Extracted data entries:
BEGIN
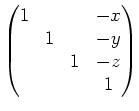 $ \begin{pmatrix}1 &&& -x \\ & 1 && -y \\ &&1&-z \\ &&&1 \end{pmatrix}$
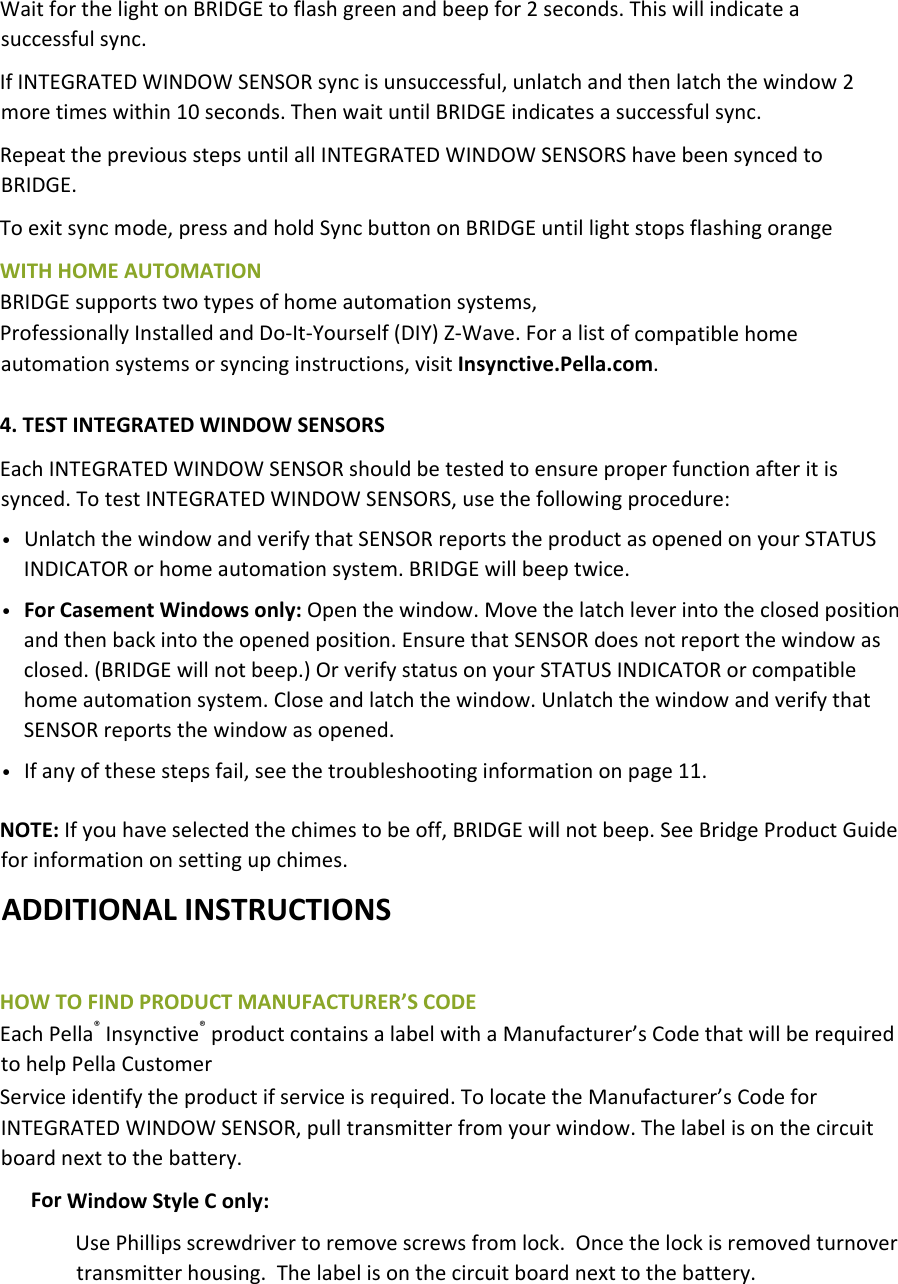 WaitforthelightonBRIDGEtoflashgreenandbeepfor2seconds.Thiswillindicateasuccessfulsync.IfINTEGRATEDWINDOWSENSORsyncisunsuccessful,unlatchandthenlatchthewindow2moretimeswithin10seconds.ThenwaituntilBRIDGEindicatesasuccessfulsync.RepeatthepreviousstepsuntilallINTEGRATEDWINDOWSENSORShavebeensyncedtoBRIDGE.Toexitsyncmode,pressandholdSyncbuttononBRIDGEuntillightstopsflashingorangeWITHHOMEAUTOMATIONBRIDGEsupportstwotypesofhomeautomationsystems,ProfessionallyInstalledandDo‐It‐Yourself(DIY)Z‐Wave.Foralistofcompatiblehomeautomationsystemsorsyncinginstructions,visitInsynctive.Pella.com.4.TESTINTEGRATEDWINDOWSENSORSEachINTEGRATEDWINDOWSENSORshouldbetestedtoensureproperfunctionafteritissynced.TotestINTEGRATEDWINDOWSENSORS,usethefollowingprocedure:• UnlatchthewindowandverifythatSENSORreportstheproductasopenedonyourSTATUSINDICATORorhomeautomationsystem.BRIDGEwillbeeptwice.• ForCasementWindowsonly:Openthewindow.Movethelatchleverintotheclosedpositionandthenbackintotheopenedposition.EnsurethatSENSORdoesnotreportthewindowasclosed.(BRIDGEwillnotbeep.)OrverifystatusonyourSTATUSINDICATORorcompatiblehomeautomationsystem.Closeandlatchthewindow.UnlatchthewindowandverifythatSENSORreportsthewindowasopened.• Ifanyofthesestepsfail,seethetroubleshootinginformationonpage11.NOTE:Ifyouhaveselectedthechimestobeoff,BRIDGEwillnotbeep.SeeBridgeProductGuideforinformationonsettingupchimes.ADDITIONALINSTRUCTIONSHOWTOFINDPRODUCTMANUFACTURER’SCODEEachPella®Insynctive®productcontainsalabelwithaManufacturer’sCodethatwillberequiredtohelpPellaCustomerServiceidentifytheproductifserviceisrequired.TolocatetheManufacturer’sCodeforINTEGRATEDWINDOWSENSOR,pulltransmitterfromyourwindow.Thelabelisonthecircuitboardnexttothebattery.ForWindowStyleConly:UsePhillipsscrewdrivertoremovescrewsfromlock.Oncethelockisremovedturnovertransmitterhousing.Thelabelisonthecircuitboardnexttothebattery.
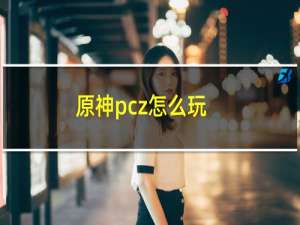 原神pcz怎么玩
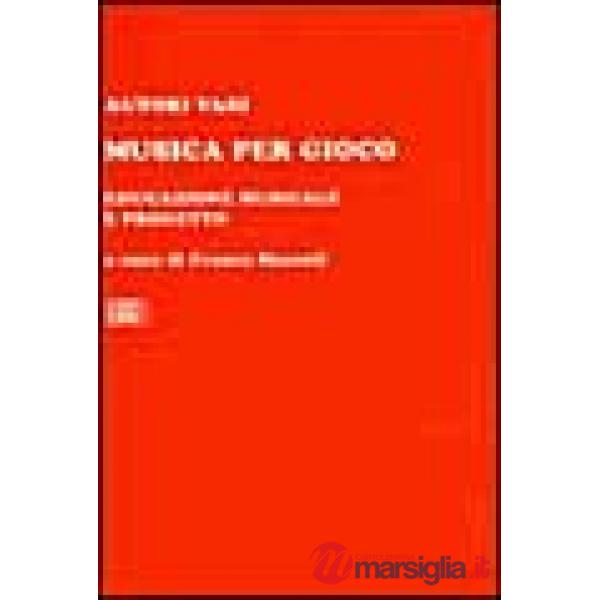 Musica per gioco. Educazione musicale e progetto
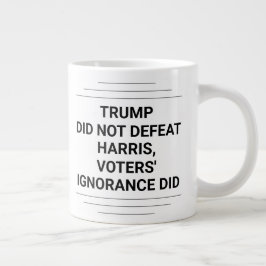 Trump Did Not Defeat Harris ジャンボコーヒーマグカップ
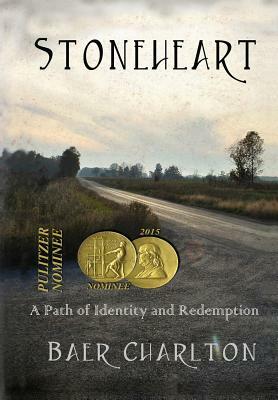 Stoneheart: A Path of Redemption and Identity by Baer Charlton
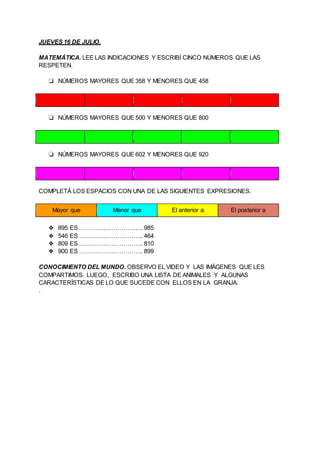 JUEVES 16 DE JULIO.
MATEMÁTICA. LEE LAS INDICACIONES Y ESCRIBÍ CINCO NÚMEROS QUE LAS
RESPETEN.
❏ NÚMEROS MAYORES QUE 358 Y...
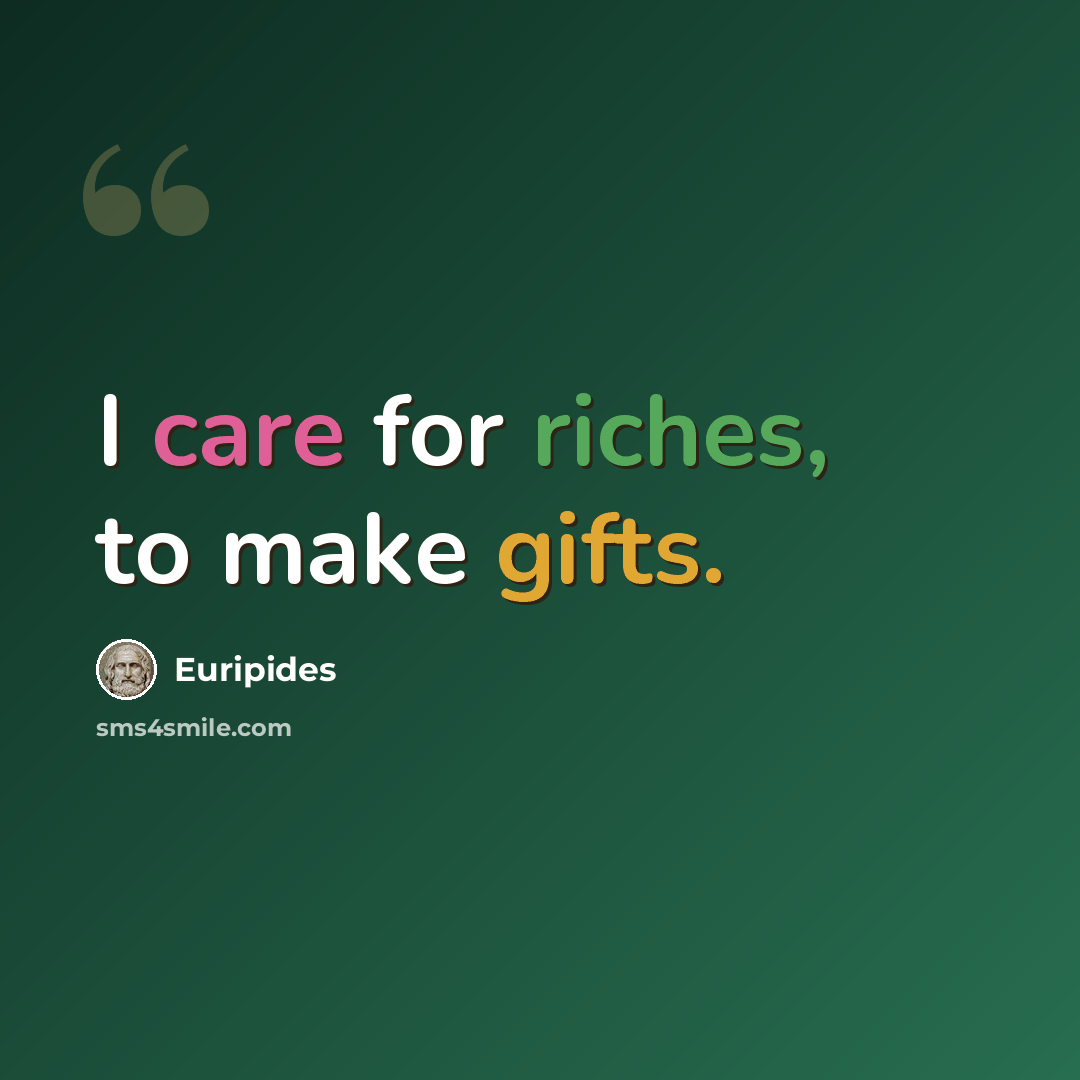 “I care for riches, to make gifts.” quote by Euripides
END
BEGIN
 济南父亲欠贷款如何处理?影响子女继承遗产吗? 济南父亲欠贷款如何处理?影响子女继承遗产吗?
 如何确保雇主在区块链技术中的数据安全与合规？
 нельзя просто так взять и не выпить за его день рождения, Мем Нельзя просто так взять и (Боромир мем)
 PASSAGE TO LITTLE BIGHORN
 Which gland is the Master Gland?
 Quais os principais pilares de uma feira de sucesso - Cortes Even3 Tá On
END
### Exercise goal:
Could you write out, exactly as they stand, only the lines above that begin at the line with "济南父亲欠贷款如何处理?影响子女继承遗产吗? 济南父亲欠" and stop after the line with "Quais os principais"?

### Task solution:
 济南父亲欠贷款如何处理?影响子女继承遗产吗? 济南父亲欠贷款如何处理?影响子女继承遗产吗?
 如何确保雇主在区块链技术中的数据安全与合规？
 нельзя просто так взять и не выпить за его день рождения, Мем Нельзя просто так взять и (Боромир мем)
 PASSAGE TO LITTLE BIGHORN
 Which gland is the Master Gland?
 Quais os principais pilares de uma feira de sucesso - Cortes Even3 Tá On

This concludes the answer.